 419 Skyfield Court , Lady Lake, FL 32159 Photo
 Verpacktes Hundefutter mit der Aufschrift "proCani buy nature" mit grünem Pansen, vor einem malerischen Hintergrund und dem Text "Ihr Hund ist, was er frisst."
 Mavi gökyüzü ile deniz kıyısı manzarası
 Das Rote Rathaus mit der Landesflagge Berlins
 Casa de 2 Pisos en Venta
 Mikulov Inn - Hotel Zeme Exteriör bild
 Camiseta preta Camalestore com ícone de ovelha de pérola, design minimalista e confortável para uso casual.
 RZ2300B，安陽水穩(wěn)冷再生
──────────
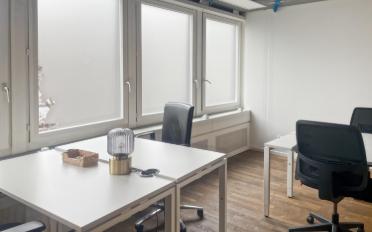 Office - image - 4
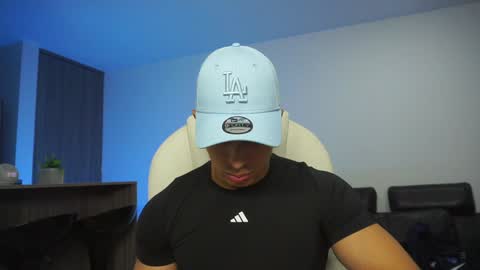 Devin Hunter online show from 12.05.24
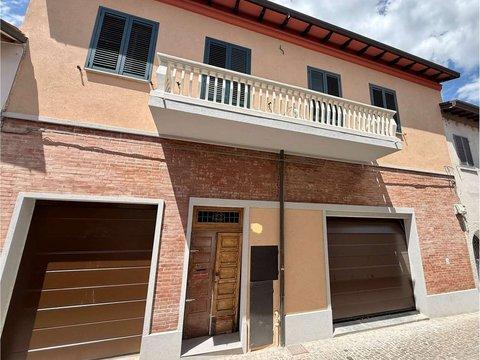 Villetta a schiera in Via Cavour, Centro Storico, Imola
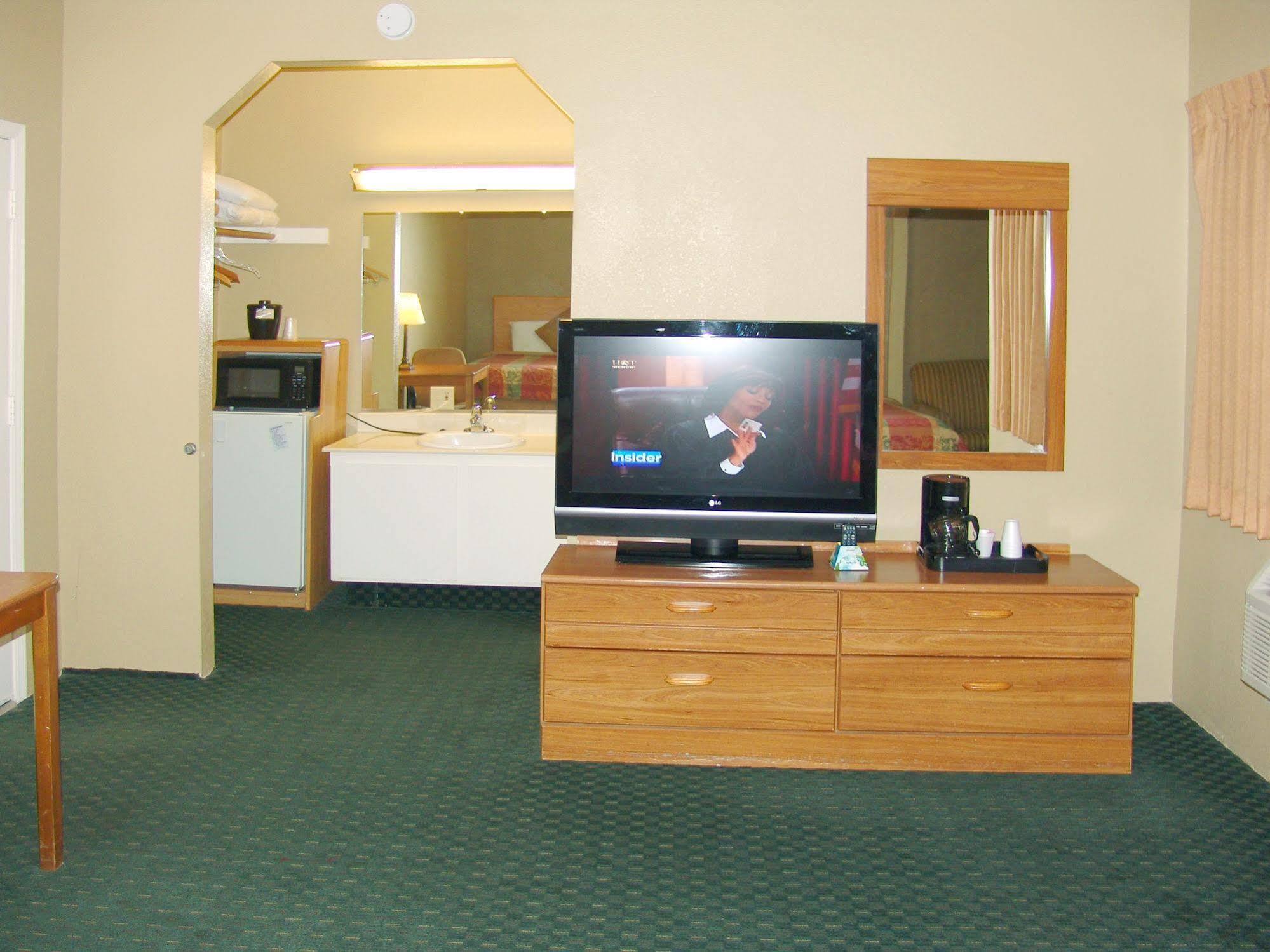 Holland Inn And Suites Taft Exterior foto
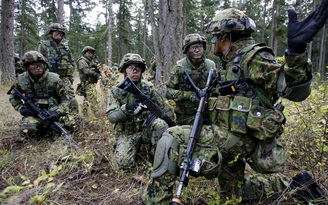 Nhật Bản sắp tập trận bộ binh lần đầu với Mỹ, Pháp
──────────
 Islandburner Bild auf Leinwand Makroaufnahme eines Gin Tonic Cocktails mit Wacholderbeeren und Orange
──────────
** Exercise prompt **
Return, word for word, the lines of the data above from the line with "Das Rote Rathaus" through the line with "RZ2300B，安陽水穩(wěn)冷再生", inclusive.

** Response box **
 Das Rote Rathaus mit der Landesflagge Berlins
 Casa de 2 Pisos en Venta
 Mikulov Inn - Hotel Zeme Exteriör bild
 Camiseta preta Camalestore com ícone de ovelha de pérola, design minimalista e confortável para uso casual.
 RZ2300B，安陽水穩(wěn)冷再生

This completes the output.